Real Time Object Detection For $59

There was a time when making a machine to identify objects in a camera was difficult, even without trying to do it in real time. But now, you can do it with a Jetson Nano board for under $60. How well does it work? Watch [Murtaza’s] video below and see what you think.

The first few minutes of the video piqued our interest, and good thing, too, because the 50 lines of code get a 50-plus minute video! It is worth watching, though, because there’s a lot of good information about how to apply this technique in your own projects.

Of course, there is a lot more than 50 lines of code doing the work. The Jetson code and OpenCV do a lot of heavy lifting. But it is a great thing to leverage powerful tools to make tough jobs easy.

We were impressed with the neural network’s ability to reason out images. There was an image of a person opening up a sofa into a bed and the system correctly identified it as both a sofa and a bed. Pretty impressive.

We’ve seen dedicated object recognition systems at this price point, but the Jetson has a lot of flexibility. We were excited to see the Jetson Nano and with 128 cores and a good bit of memory, we are waiting to see more really powerful projects built around it.

19 thoughts on “Real Time Object Detection For $59

  1. Now we need to teach it to differentiate between Linux ( $var = “good”; ), and Mac OS ( $var = “bad”; ).
    Speaking of which, does anyone know if Mac OS is still Linux on the inside? I used an original Macbook (2006) a while back and, once I was able to find the command line, all da good ol’ commands worked.

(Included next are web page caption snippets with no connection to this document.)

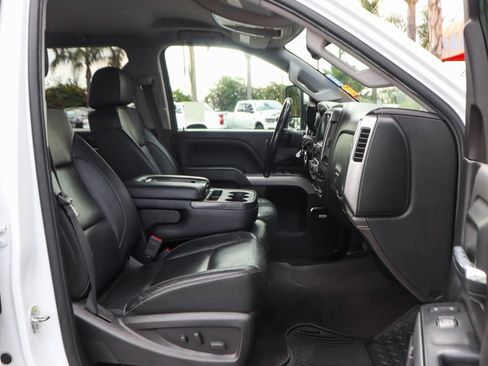 Used 2017 Chevrolet Silverado 2500 LTZ w/ Duramax Plus Package AWD/4WD image 37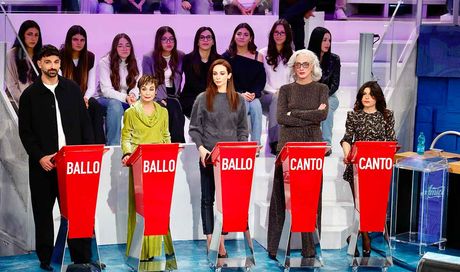 Amici 25, anticipazioni puntata 15 febbraio: tre al Serale, torna Todaro | Il caso Valentina, un  crollo inatteso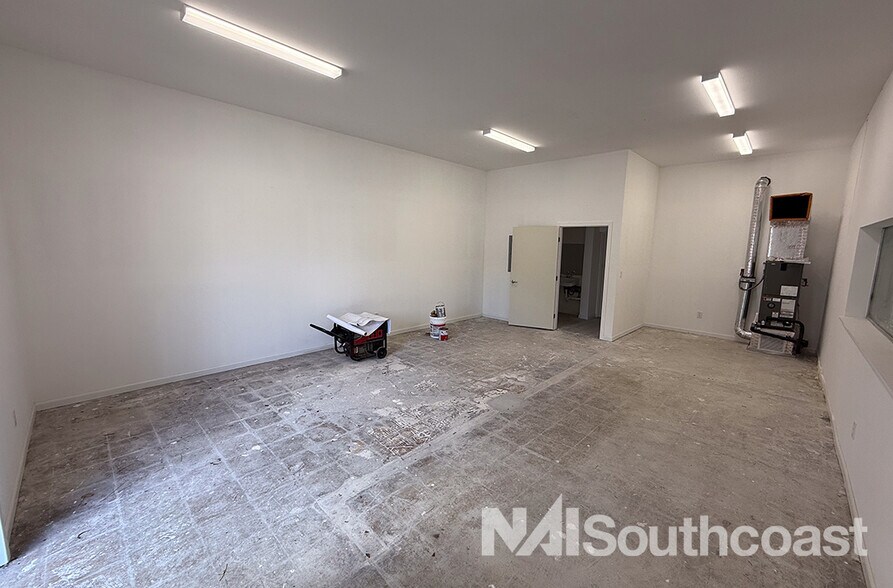 More Photos Of 10425 S Us-1 Hwy, Port Saint Lucie General Retail For Sale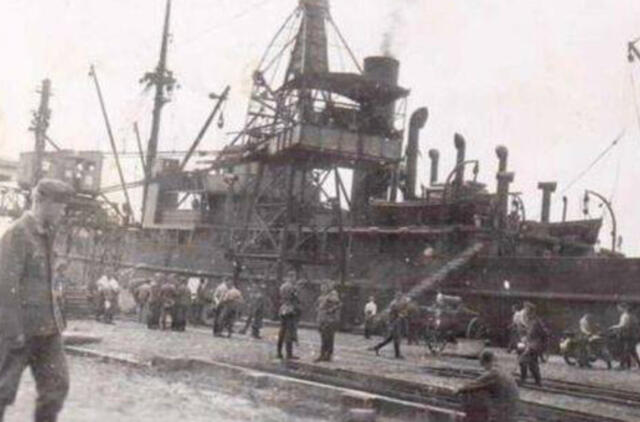 Klaipėdos uostas pro praeities objektyvą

    1. Mac OSX is a hybrid of NetBSD, FreeBSD and OpenBSD. To be more specific, it is a proper UNIX (conforms to POSIX) and contains no Linux code at all. The Linux userland mostly conforms to POSIX which is what make it seem similar.

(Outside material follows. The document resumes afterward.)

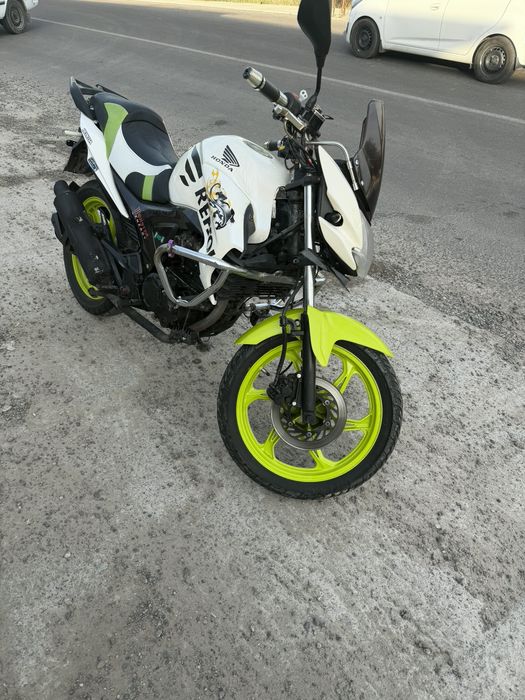 Mototsikl Lifan 200 kub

  2. If you want to be correct (read: pedantic) about it, yes, not a stitch of linux code exists in OSX.

    When people think of linux, they think of the GNU project as closely intertwined with it, and they usually conflate the two. OSX ships with GNU bash and a few other GNU utilities, though as far as I’ve seen they’ve been slowly phasing them out as much as possible.

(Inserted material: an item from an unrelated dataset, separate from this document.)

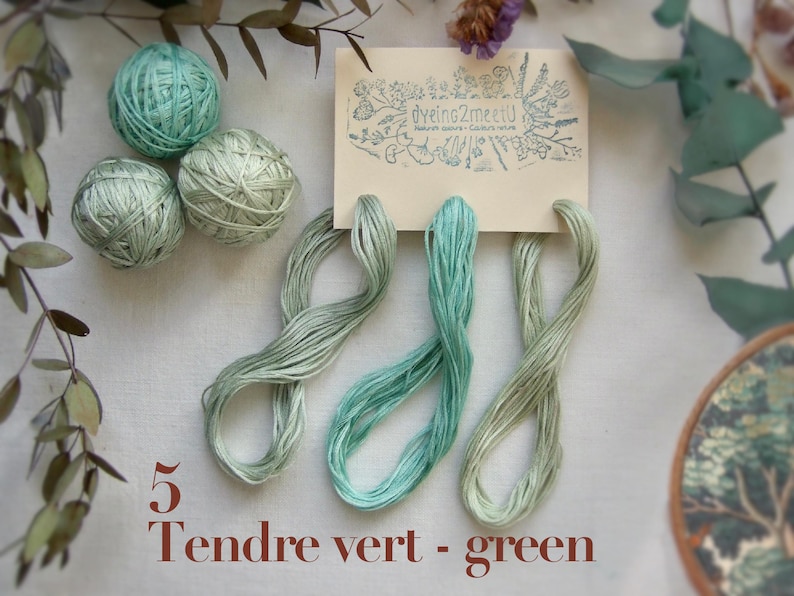 Trois échevettes de fil de coton à broder mouliné 6 brins de 8 mètres de long, dans des tons gradués de vert.
Les fils sont présentés sur une carte avec la marque "Dyeing2meetU". Ils sont teints à la main en France. Pour commander il faut sélectionner "5 - Tendre vert - green"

    Here’s the open source components of Big Sur: https://opensource.apple.com/release/macos-112.html

    As you can see they’re using pretty damn old versions of GNU utilities, and generally refuse to modify them, so that they don’t have to give out their source. Anyway, still, OSX lifts a few of its parts from the same sources (and licenses) as linux distros do, and therefore have the exact same programs as a linux distro does, despite UNIX in general, and specifically BSD distros with strict licenses do not.

    Therefore, if you can accept that people typically confuse the term “linux” to mean distributions that include the kernel, and GNU utilities like bash and apache are typically a part of those distros, you can say that “parts of linux are in OSX.”

    Q.E.D.

  3. This video tells only half the story, and it’s the easy half at that. It does little to explain how to generate and train the model that is at the heart of this ML system. Generating and training the model would normally take place on a machine that is far more powerful than that little NVIDIA Jetson Nano dev board.